I think people become strong like plants become strong -- by starting with deep roots. I think that childhood is a time to grow deep roots. Later you can challenge the seedling with wind, drought, and deluge and it will probably do just fine because it will have the firm grounding necessary to weather the hardship.

The Role of Home Teacher

I think it's important to recognize that institutional schooling represents a sort of contracting out of the academic education portion of the responsibility for raising a child, and that this is a relatively recent practice in the scope of human history. The idea of having separate roles for "teacher" and "parent" is a little artificial.

I see the distinction between "being a mom" and "being a homeschool teacher" in a similar light. They're not separate roles. We tend to see them as separate because culturally we have made an artificial separation, assigning the roles to different people. If they're not going to different people, they don't need to be different.

Respect For Authority

I don't believe respect is a behaviour that is learned through repeated practice. I believe that respect is a moral understanding that springs from empathy. In other words it comes from a a strongly-rooted set of moral values, not repetitive behaviour. And strongly grounded values are of course best learned through consistent caring teaching within the family ... rather than the rather random, capricious examples set in institutional settings.

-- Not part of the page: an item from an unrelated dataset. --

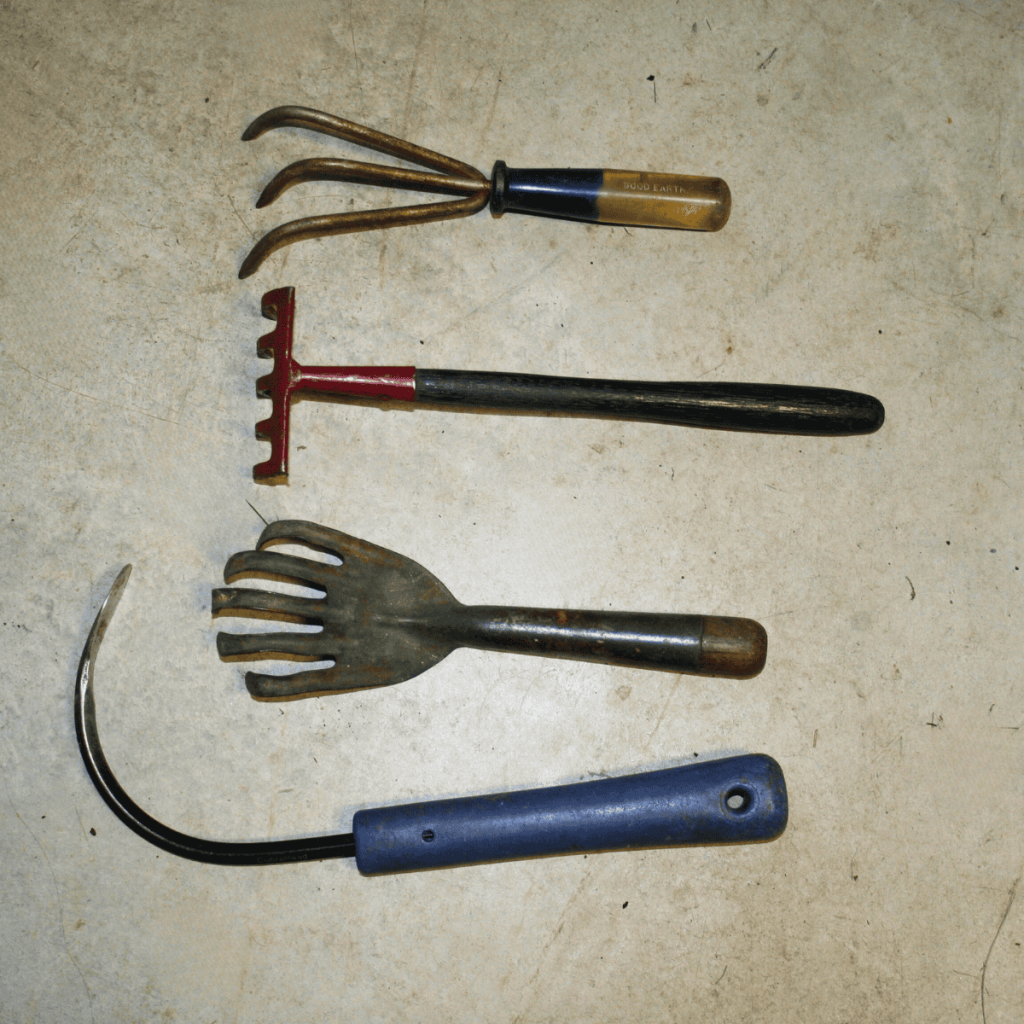 four weeding and cultivating hand tools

This unschooling mother of four thinks interesting thoughts, don't you think? And I find myself alternately marveling that her philosophy of education is wonderful and has clearly worked for her children, and then wondering how in the world something like this could possibly work when children (like adults) are, after all, imperfect and prone to laziness.

I was homeschooled from kindergarten through high school. Today, an adult, I am both a student and a teacher myself. I observe dozens of children each week in their interactions with me, with their parents, and with their peers. I hear the good, the bad, and the ugly of their school experiences. I see five-year-olds exhausted and emotionally on the brink of a meltdown after a day of school. I witness students who say they hate school, and other students whose eagerness to learn and grow is unstoppable. I observe their family, social, and school environments and wonder at the differences. And I find these thoughts from Miranda to be good things to ponder.